During this time, Viollet-le-Duc also began to write a series of historical essays, which were compiled and published in the 1863 volume titled Entretiens sur l'architecture (Discourses on Architecture). In this work, he discusses three emergent models in the history of architecture: the Greek Doric temple, the complex structures of imperial Rome, and the Gothic cathedrals of medieval France. The Doric temple was conceived of as a purely rational approach to the organization of structure, in which each individual element was logically linked to its adjoining parts and to the overall structure, and in which the architecture itself was shaped by its method of construction instead of its general function as a building. In contrast, Roman architecture began with a set of functional necessities, which were solved through the arrangement of structural elements and spaces of varying size and shape, which were then overlaid with a "luxurious, but irrelevant veneer of Greek forms" (Hearn, 9). Viollet-le-Duc viewed Gothic architecture as a fusion of these two earlier models, and presented the Gothic cathedral as a wholly rational structure designed to fulfill a functional program, in this case, the liturgy. He also saw the French Renaissance chateau as carrying on this dual emphasis upon functionality and rational design, but vehemently opposed the neo-classical palaces and houses erected during the Baroque era, which he saw as appropriating symmetrical facades for purely aesthetic reasons, with little to no regard for the functional requirements and rationality of the structure. This emphasis upon function, rationality, and transparency in both structure and purpose, drawn from the medieval world, would ultimately serve as the basis for his conception of a modern architecture.

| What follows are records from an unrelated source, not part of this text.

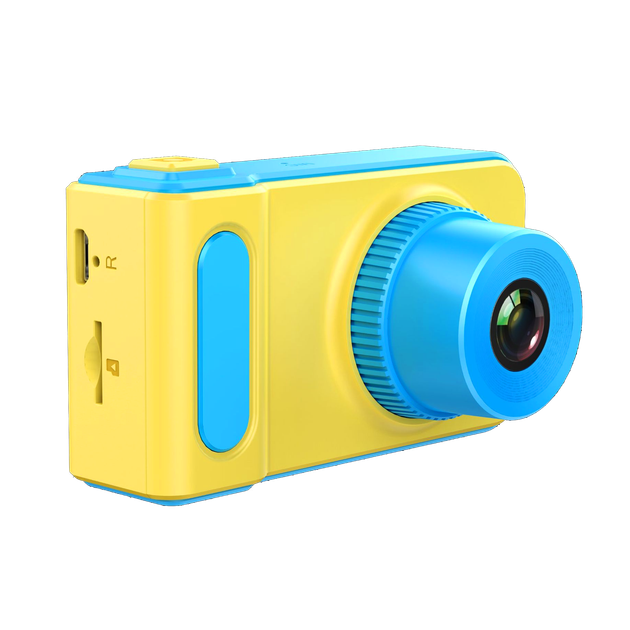 Дитячий цифровий фотоапарат протиударний Smart Kids Camera V7 Фотокамера з дисплеєм, відео записом та іграми Жовтий/Блакитний+Карта 16Гб - зображення 4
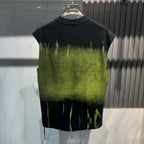 Letter Printing Gradient Comfortable Vest Ruan Handsome Sleeveless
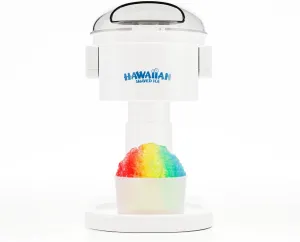 Hawaiian Shaved Ice Kid-Friendly S700 Classic Snow Cone and Shaved Ice Machine with Instruction Manual, Tip Card, and 1-year Manufacturer’s Warranty, 120V, White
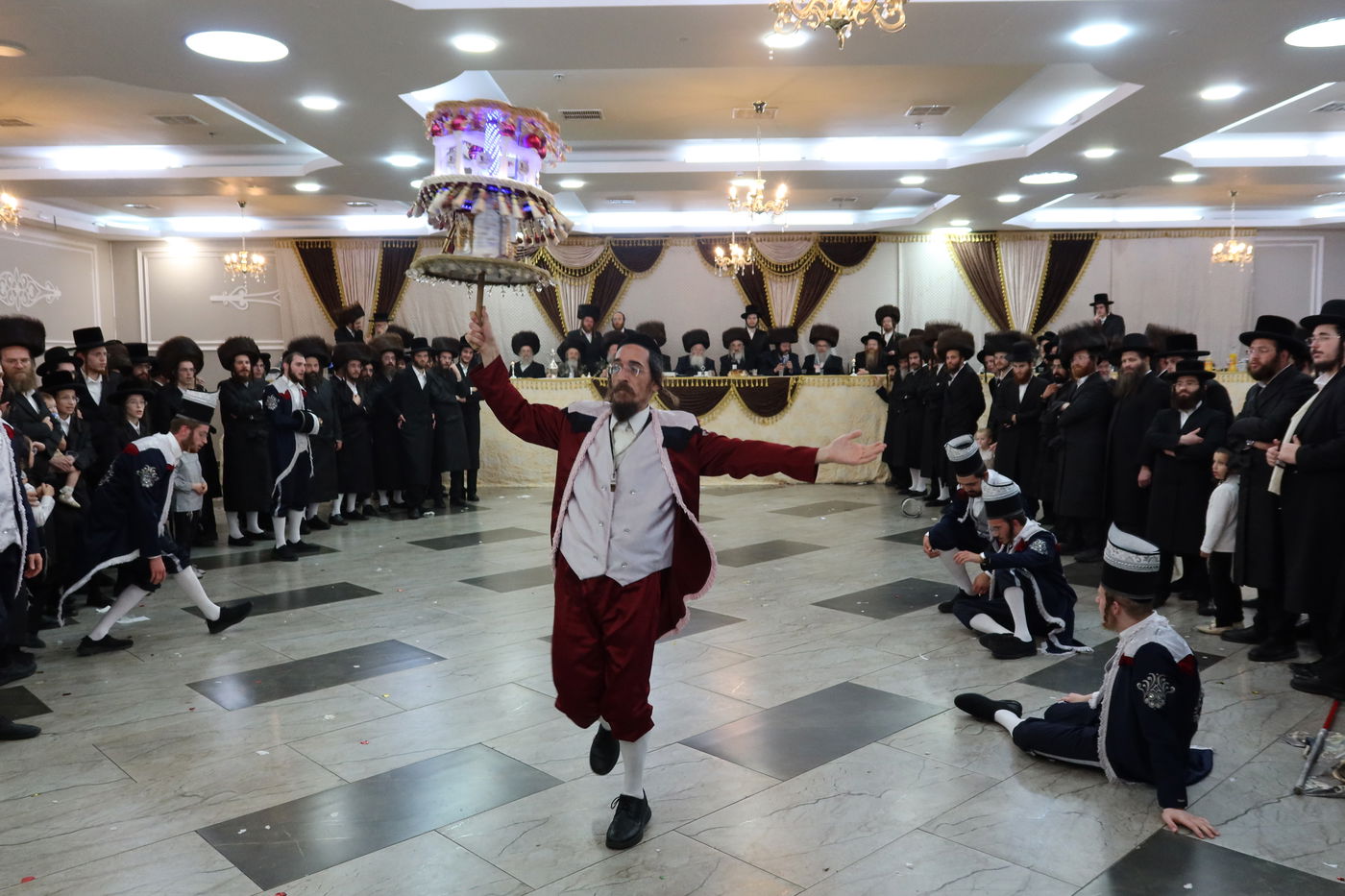 שמחת נישואי נכד האדמו"ר מנאדבורנה באניא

Renewed interest in preservation efforts has revived Viollet-le-Duc's theories of restoration and sparked a re-evaluation of his somewhat controversial modifications. Although his restorations have often been interpreted as arbitrary or unconventional, they were in fact guided by a strong desire to retain traces of both old and new, and to present the building as a site of change and adaptation, rather than as a static and immutable monument.